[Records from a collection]
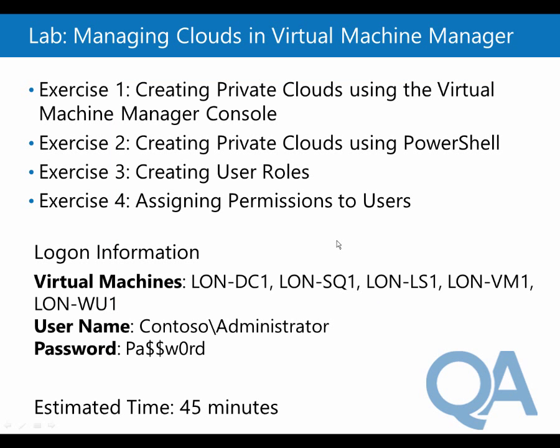In this lab, we saw how to create private clouds using the Virtual Machine Manager console. We created them using PowerShell and had to adapt the PowerShell script. We then created roles and assigned to those user roles. Thank you.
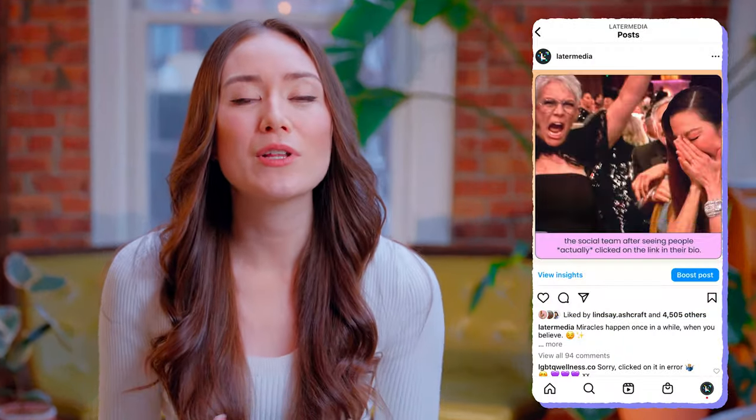My second pillar as a content creator could be entertainment. People often turn to the internet for entertainment, so creating content that is fun, engaging, and funny can be a great way to attract and retain your audience. This could include things like memes, reaction videos, or comedic skits.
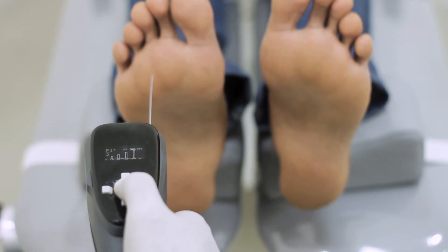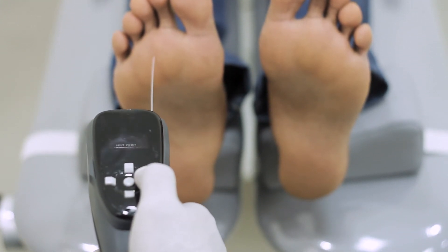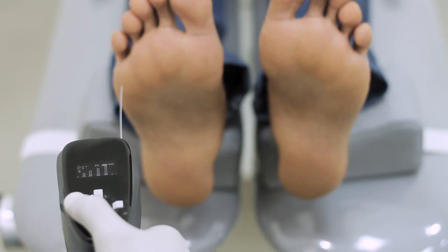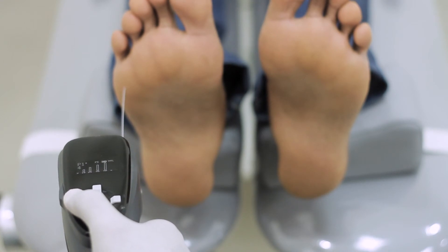When the subject responds with the confirmation of the touch sensation, retract the device.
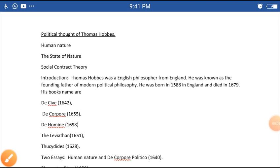Today I am going to discuss the political thought of Thomas Hobbes as part of our CVC syllabus. There are three important thoughts of Hobbes given: human nature, the state of nature, and social contract theory.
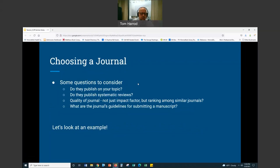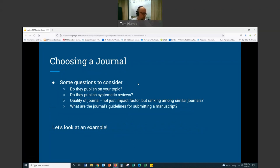The next thing I want to talk about is choosing a journal. When choosing a journal to submit to — for people who are very knowledgeable in a field, they may have a sense of where they want to submit, but for folks who are newer to a field, this may be more difficult. There are tools that can help, and this is something we work with students and faculty on a lot. Here are some questions you would want to consider when choosing a journal: Do they even publish on my topic? Do they publish systematic reviews? What's the quality of the journal — not just a number like an impact factor, but what's its ranking within its field? And what are the guidelines that the journal has for submitting a manuscript?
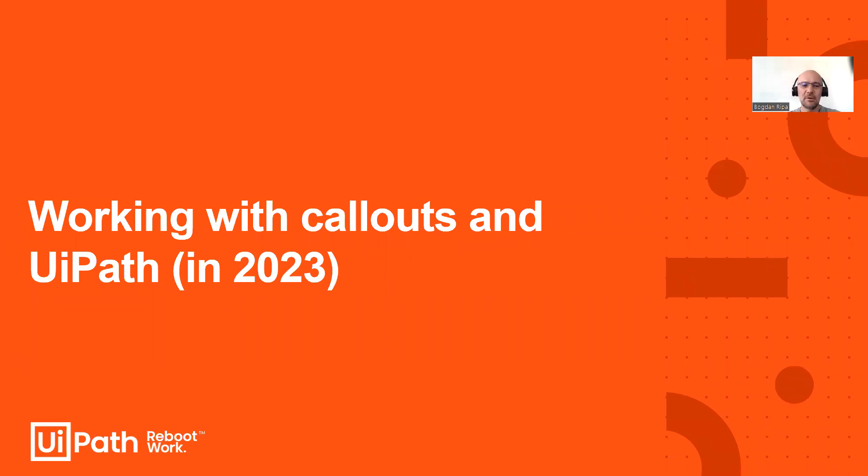Hello. In this video, we're going to talk about how to work with callouts in UiPath in the upcoming version, 23.4.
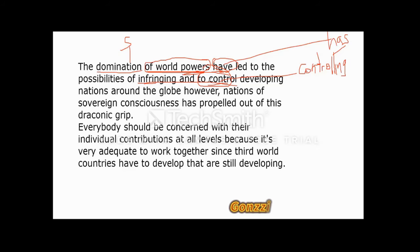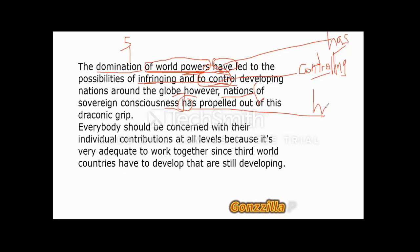Next portion: 'Nations of sovereign consciousness has propelled out of these draconian grip.' Here, 'nations' is the key subject — plural in nature — and 'of sovereign consciousness' is another parenthetical phrase. Since 'nations' is plural, 'has' must change to 'have.' The corrected reading: 'Nations of sovereign consciousness have propelled out of this draconian grip.' You just need to pay attention to the words that come before the preposition, and it becomes easier to identify the true subject.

## Problem to work on
Reproduce only the lines from the line with "The next thing" to the end of the entries. Keep both ends, copy them exactly, and omit every picture.

## Exercise solution
The next thing I want to talk about is choosing a journal. When choosing a journal to submit to — for people who are very knowledgeable in a field, they may have a sense of where they want to submit, but for folks who are newer to a field, this may be more difficult. There are tools that can help, and this is something we work with students and faculty on a lot. Here are some questions you would want to consider when choosing a journal: Do they even publish on my topic? Do they publish systematic reviews? What's the quality of the journal — not just a number like an impact factor, but what's its ranking within its field? And what are the guidelines that the journal has for submitting a manuscript?
Hello. In this video, we're going to talk about how to work with callouts in UiPath in the upcoming version, 23.4.
Next portion: 'Nations of sovereign consciousness has propelled out of these draconian grip.' Here, 'nations' is the key subject — plural in nature — and 'of sovereign consciousness' is another parenthetical phrase. Since 'nations' is plural, 'has' must change to 'have.' The corrected reading: 'Nations of sovereign consciousness have propelled out of this draconian grip.' You just need to pay attention to the words that come before the preposition, and it becomes easier to identify the true subject.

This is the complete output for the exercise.